Por: Leoncio Noboa
Cuatro provincias conforman la región Enriquillo (Barahona, Pedernales, Bahoruco e Independencia). En su 50 aniversario (1976-2026), la diócesis de Barahona ha disfrutado del arduo trabajo de tres hombres consagrados que lo han dado todo a cambio de que las comunidades más pobres de la región alcancen a tener voz en su peregrinar en esta bendita tierra que el creador nos ha dado sin preguntarnos ni exigirnos nada.
Monseñor Fabio Rivas, Rafael Felipe Núñez y Andrés Napoleón Romero Cárdenas, los tres de la región del Cibao, han demostrado con su entrega total ser más sureños que muchos sureños y, valga la redundancia.
Hay que sacarle su plato aparte, definitivamente a Monseñor Rivas, quien inició casi de cero este gran peregrinar en una región cargada de una pobreza mental y con una dependencia casi total de las dádivas y un paternalismo enfermizo que, aunque todavía no lo superamos, se ha avanzado bastante. Las comunidades hacen sus propios proyectos y en algunos casos los hacen sostenibles.
Monseñor Rivas creó varios proyectos que ya son instituciones con bases firmes (UCATEBA, FUNDASUR, LEMBA, Centro diocesano en Cabral, Hogar de ancianos, entre otros).
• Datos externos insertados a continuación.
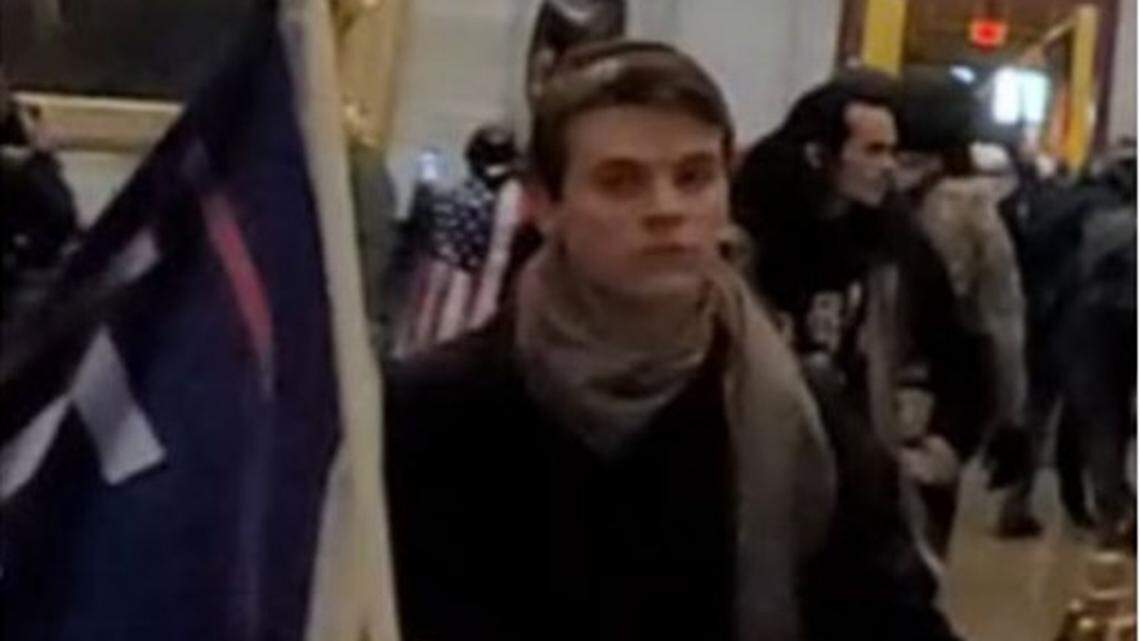 ‘I can’t believe I participated in such chaos.’ NC man pleads guilty to Capitol riot charges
Con la creación de la diócesis empezaron la ordenación de sacerdotes de la misma diócesis. Hoy contamos con más de 15 sacerdotes y, aunque algunos están dando su servicio en otros países, son de esta diócesis. Están los diáconos permanentes, que actualmente juegan un papel vital en las celebraciones eucarísticas y la catequesis misma. Hermanas religiosas que se han gastado en este caminar, y laicos que han dado su tiempo más valioso de su misma vida.
No podemos olvidar el gran aporte de los sacerdotes extranjeros, quienes se han sacrificado viniendo de sus países de origen a darlo todo por esta región.
Nuestra Iglesia diocesana está de fiesta. Han sido 50 años llenos de altas y bajas. Celebramos el jubileo, la alegría de este tiempo maravilloso al cual el Señor nos ha permitido llegar a través de lo que hemos hecho, estamos haciendo y seguiremos haciendo de cara a los nuevos tiempos en un pedazo de tierra llamado región Enriquillo, en la República Dominicana, y en la cual la tecnología se nos presenta como un gran reto para los años por venir.
Sin dejar de mencionar otros retos, la familia debería ser a la que la diócesis debe apuntar su mayor esfuerzo en los próximos años por venir. El deterioro de esta gran institución está cada día más a la vista.
Hasta ahora todos reconocemos la inversión de valores por la que actualmente la familia está pasando, pero ¿qué hacemos en realidad? Tenemos que pasar de las palabras a los hechos.